115 En France, les directives anticipées sont également peu connues. Une étude française du Centre d'Ethique de l'hôpital Cochin a montré que 90% des personnes de plus de 75 ans qui ont participé à l'enquête n'avaient jamais entendu parler des directives anticipées et qu'elles étaient encore 83% à dire qu'elles n'étaient pas intéressées parce que, soit elles ne se sentaient pas concernées, soit parce que le dispositif leur semblait inefficace (les choses ne se présentent jamais comme on les a imaginées), inutile (les médecins feront ce qu'ils veulent) ou dangereux (les médecins baisseraient les bras avant l'heure) (97). L'enquête de Schickedanz et al. aux Etats-Unis a retrouvé des résultats superposables : au sein de la population étudiée à qui on a donné un formulaire et expliqué brièvement le principe des directives anticipées, 46% n'en ont pas parlé à leurs proches, 80% n'en ont pas discuté avec leur médecin et 90% n'ont pas indiqué leurs souhaits. Les principales barrières à l'utilisation des directives anticipées ont été dans 84% des cas l'inutilité du dispositif, les autres freins évoqués étant la présence de contraintes personnelles, de problèmes relationnels, certains avaient besoin d'informations complémentaires, d'autres manquaient de temps pour aller voir leur médecin, et quelques-uns avaient des difficultés avec la notion de directives anticipées (200).
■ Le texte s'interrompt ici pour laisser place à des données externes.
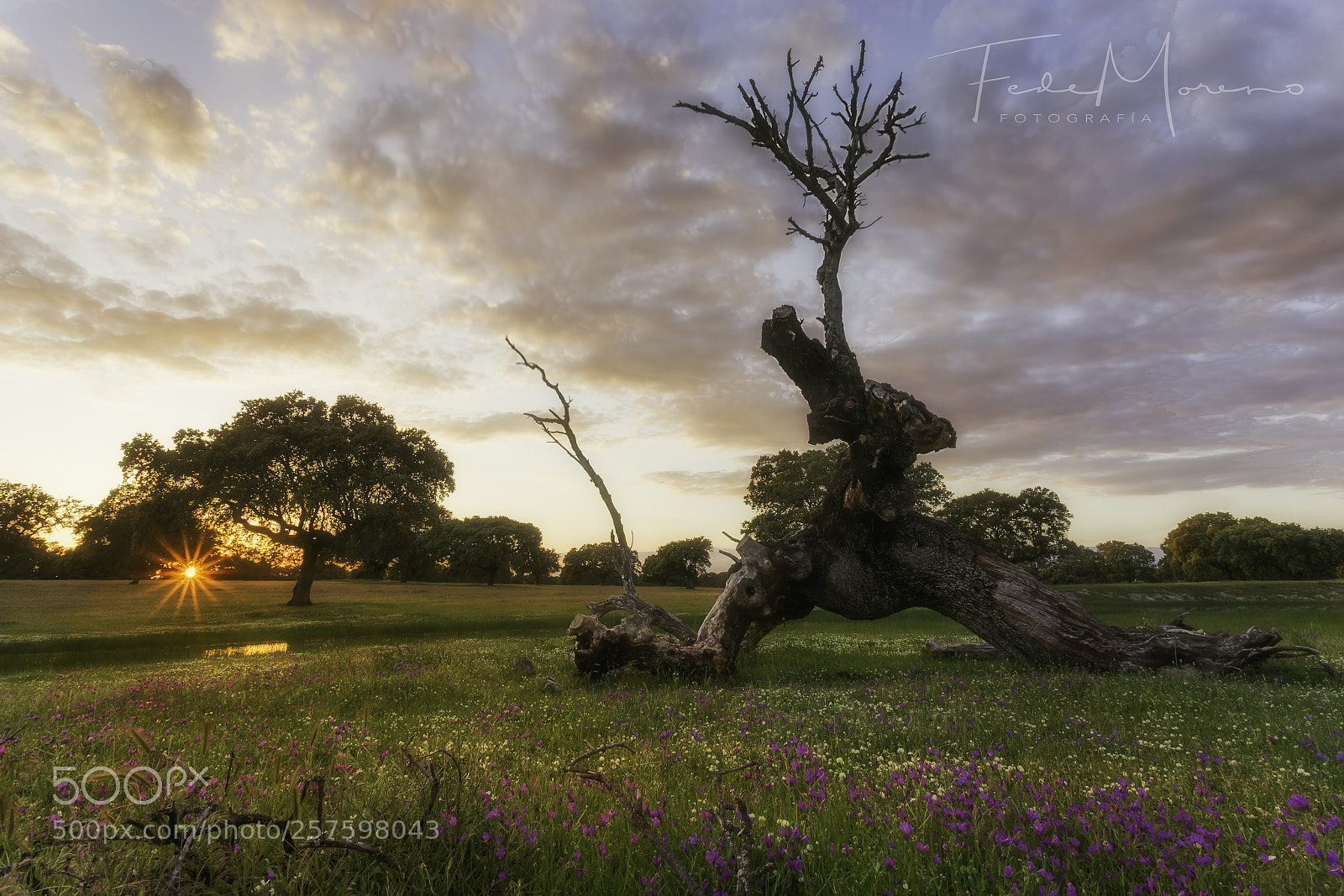 Canon EOS 6D sample photo. Atardecer en extremadura photography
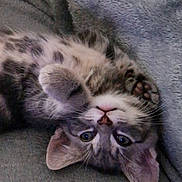 Dusty joined the competition — help win amazing prizes! kitten, cat, upside_down, gray_blanket, spotted_fur, cute, pet, whiskers, paws, sleepy, indoor, cozy, feline, young_cat, relaxed, closeup, domestic_animal, soft_texture, resting, playful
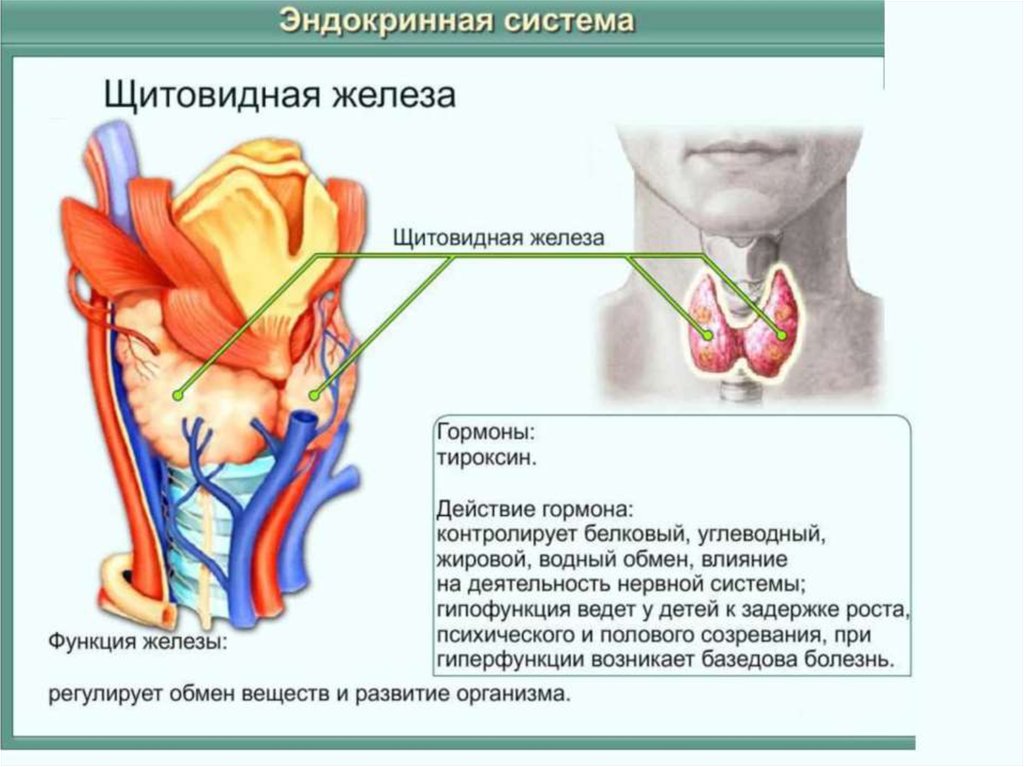 Внутренняя секреция сердца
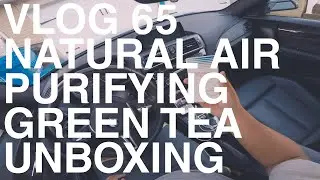 BMW Natural Air Purifying Green Tea—Feels Like Japan & A Good Alternative To Sparkling Raindrops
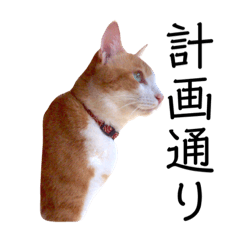 Wasabi's taking stickers 2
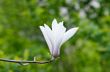 Beautiful Flowers of a Magnolia Tree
En pratique, l'efficacité est controversée (97,201), les directives anticipées rarement écrites, et aussi difficiles à respecter et à adapter par les soignants (195).

Les directives anticipées demandent aux patients de se projeter sur un événement grave qu'ils n'avaient probablement jamais imaginé auparavant. Il est difficile de s'exprimer sur un événement qui n'existe pas de manière imminente, d'autant plus qu'il s'agit d'un sujet triste pour certains, ou parce qu'ils ne se sentent pas encore concernés pour d'autres (98). Certains patients croient que les directives anticipées sont irrévocables et cela les effraie de penser qu'ils n'auront pas leur mot à dire aux derniers instants de leur vie (98,195). D'après Tsalatsanis et al., les difficultés de prises de décision en fin de vie peuvent être expliquées par le besoin des patients d'avoir un haut niveau de certitude, et donc une forte confiance en l'avenir, avant d'accepter ce qui est proposé (202). L'étude de Djulbegovic et al. montre que l'évaluation initiale du risque de regret pour chaque proposition permet de choisir celle dont le niveau de regret est le plus bas avec un haut niveau de certitude (203). Et, en termes de fin de vie et de mort, rien n'est plus incertain et imprévisible.
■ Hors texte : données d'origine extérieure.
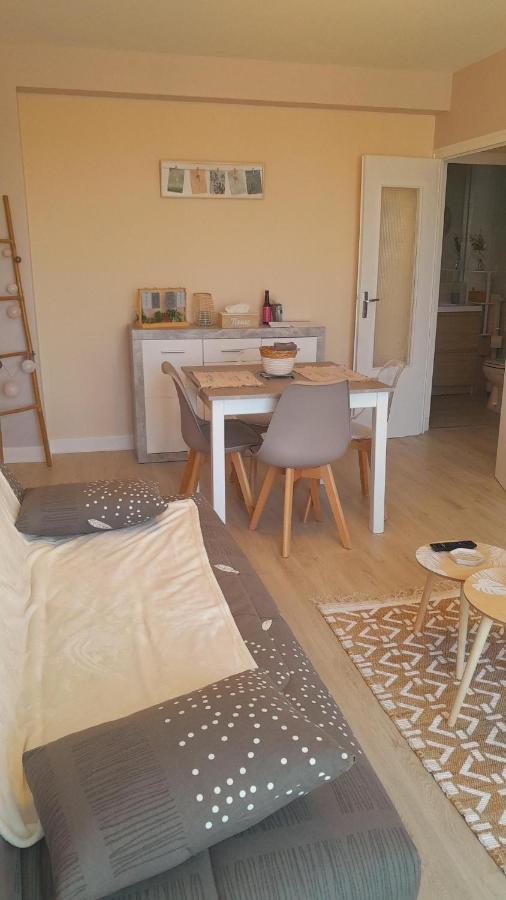 Chateauroux : Bel Appartement Avec Balcon Екстериор снимка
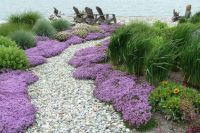 เมล็ดพันธุ์ ไทม์เลื้อย thymus serpyllum creeping thyme สีม่วง 500 เมล็ด เมล็ดพันธุ์จาก อังกฤษ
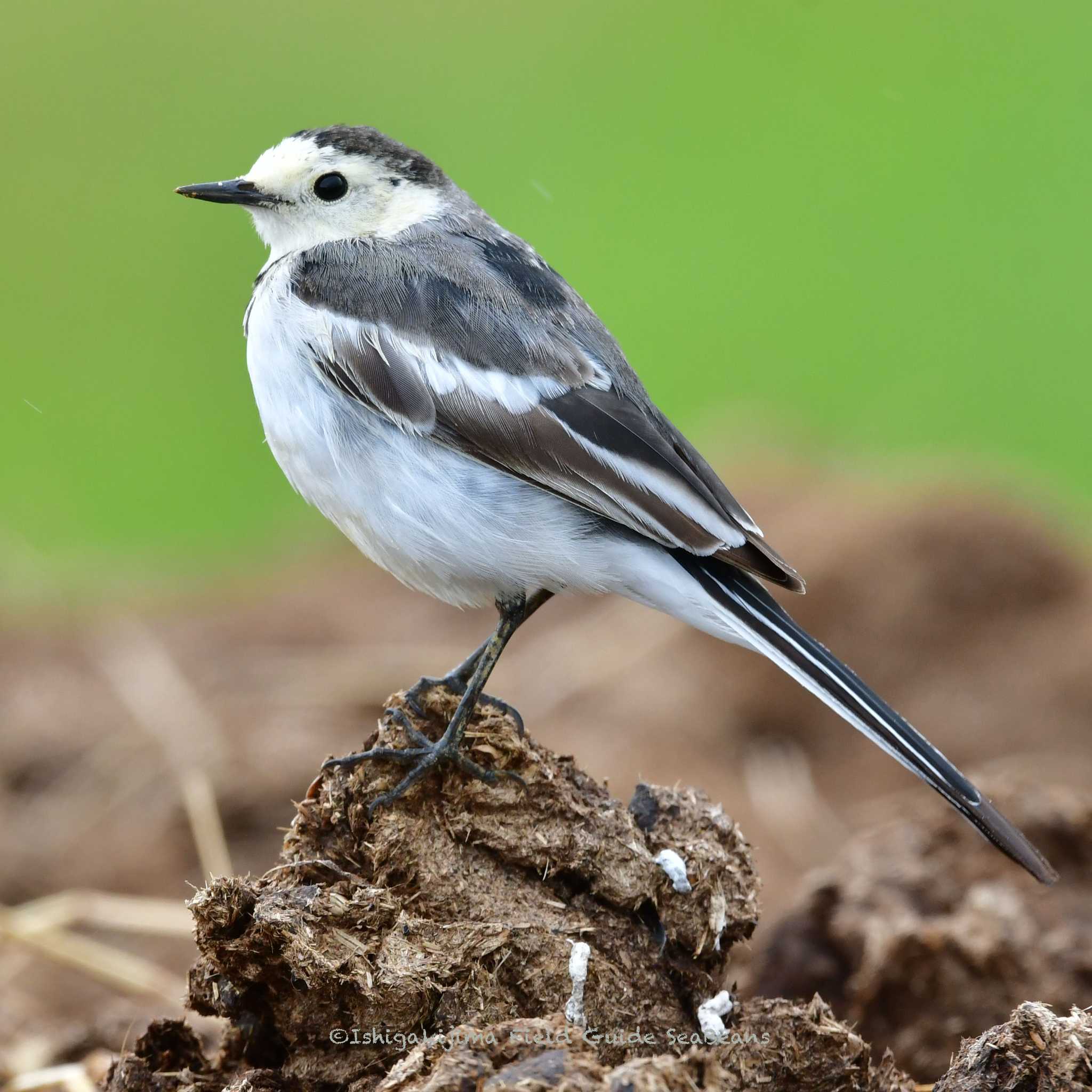 White Wagtail(leucopsis)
Par ailleurs, les directives anticipées sont difficiles à rédiger sans l'aide d'un soignant. Selon une étude allemande, elles sont souvent trop ambiguës, non adaptées, et donc invalides et inutilisables (204). La thèse de Lesaffre et Leurent Pouria sur la perception des patients des directives anticipées et de la personne de confiance a montré que l'utilisation de ces dispositifs nécessitait une réelle communication entre patients et médecins (58). Celle de Rousseau Lesage a montré qu'une intervention auprès de patients suivis en oncologie sur les dispositifs légaux en lien avec le respect de la volonté de la personne dans les prises de décisions, a permis d'augmenter significativement le nombre de désignation de la personne de confiance et de la rédaction des directives anticipées. 90% des patients jugeaient même utile d'anticiper la question des volontés et souhaits en cas d'aggravation de la maladie (120). Mais il reste un problème : les médecins manquent de temps et ne parviennent pas

116 toujours à accompagner les patients dans cette démarche de rédaction des directives anticipées (205).

Enfin, on note une mauvaise visibilité du système juridique par le grand public et les médecins (4,58,96,97). Devant la complexité des directives anticipées et l'inefficacité patente du dispositif, la Haute Autorité de Santé a effectué, en avril 2016, une réactualisation des outils destinés à faciliter les démarches pour les professionnels de santé et pour les patients (191), d'autant plus que depuis février 2016 la rédaction des directives anticipés est devenu un droit et leur respect un devoir (26).